The twelve works by Graham Sutherland OM, lent by Peter Nahum At The Leicester Galleries, London are an important element within the Poetry of Crisis Collection.
THE POETRY OF CRISIS COLLECTION
1933-1951
The Poetry of Crisis Collection is, according to leading museum experts in the field, the most important and comprehensive study collection of over 350 British paintings and works on paper covering the years of political crisis between 1933 and 1951. This seminal collection places these images in the rich context of events during this climactic era. It is well known to International Museum directors and curators, who have viewed it privately and have consistently borrowed from it for International exhibitions.
The periods surrounding the 2nd World War were ones with an unsurpassed emotional and intellectual resonance, as artists and writers found new languages with which to express themselves. The sheer energy of the period is illustrated by the simultaneous strength and growth of two major international artistic languages Surrealism and Abstract Modernism. A third language to emerge in Britain in the 2nd World War, which artists used to express, in landscape painting, the destruction at home and abroad, was based on the twisted natural forms that Graham Sutherland had developed in the late years of the 1930s.
The intellectual vibrancy, which allowed such striking new forms of expression to develop, was perhaps enhanced by the undertones of political tension that ran through Europe for much of the 1930s. The British Surrealist Group in particular was closely tied to left-wing politics and many of its members were also card-carrying communists. The tensions that arose between the Surrealist advocates, the abstract modernists spearheaded by Ben Nicholson and the old guard traditionalists added fuel to the creative drive on all sides.
The onset of the Spanish Civil War was without doubt the defining emotional and ideological event of the period, savagely disturbing the cultural and intellectual life of the entire Western World. This brutal conflict affected many people in all walks of life, from working men to the leading minds of the time. As from many Western countries, ideologically and emotionally committed Britons fought on both sides of the conflict.
A visual journey through the paintings, year by year, creates a poignant impression of the actions and interactions of the times and the personal experiences of living through them. The collection ends at a high point the Festival of Britain of 1951, for which Londons South Bank was built to infuse the nation and its art with an enthusiasm for a new optimistic future.
The Poetry of Crisis collection looks at the period exclusively through British eyes and this remains a great strength of the collection, allowing the visitor to appreciate the enormity of the cultural changes and influences of the period on one particular national mindset.

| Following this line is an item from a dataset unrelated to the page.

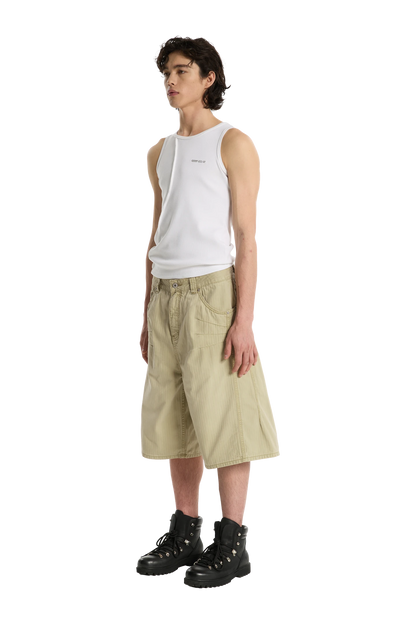 Herringbone Shorts Beige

Artistically, Britain was very much a part of the momentous European artistic revolution of the first half of the century. The collection has been assembled over a period of more than twenty years, born from careful thought and an innate understanding of the era, representing a broad, original body of work that it would not be possible to assembled in such depth and breadth again.
The Leicester Galleries is delighted to have lent 12 works by Graham Sutherland, which form part of the Poetry of Crisis Collection, to the Centenary Exhibition of the artist. The centenary of Graham Sutherland's birth is 2003. It will be marked by exhibitions at Tate Britain and Pallant House (Chichester) but the first - the largest and most diverse, with over 100 works, will be at Olympia, 25 February-2 March 2003.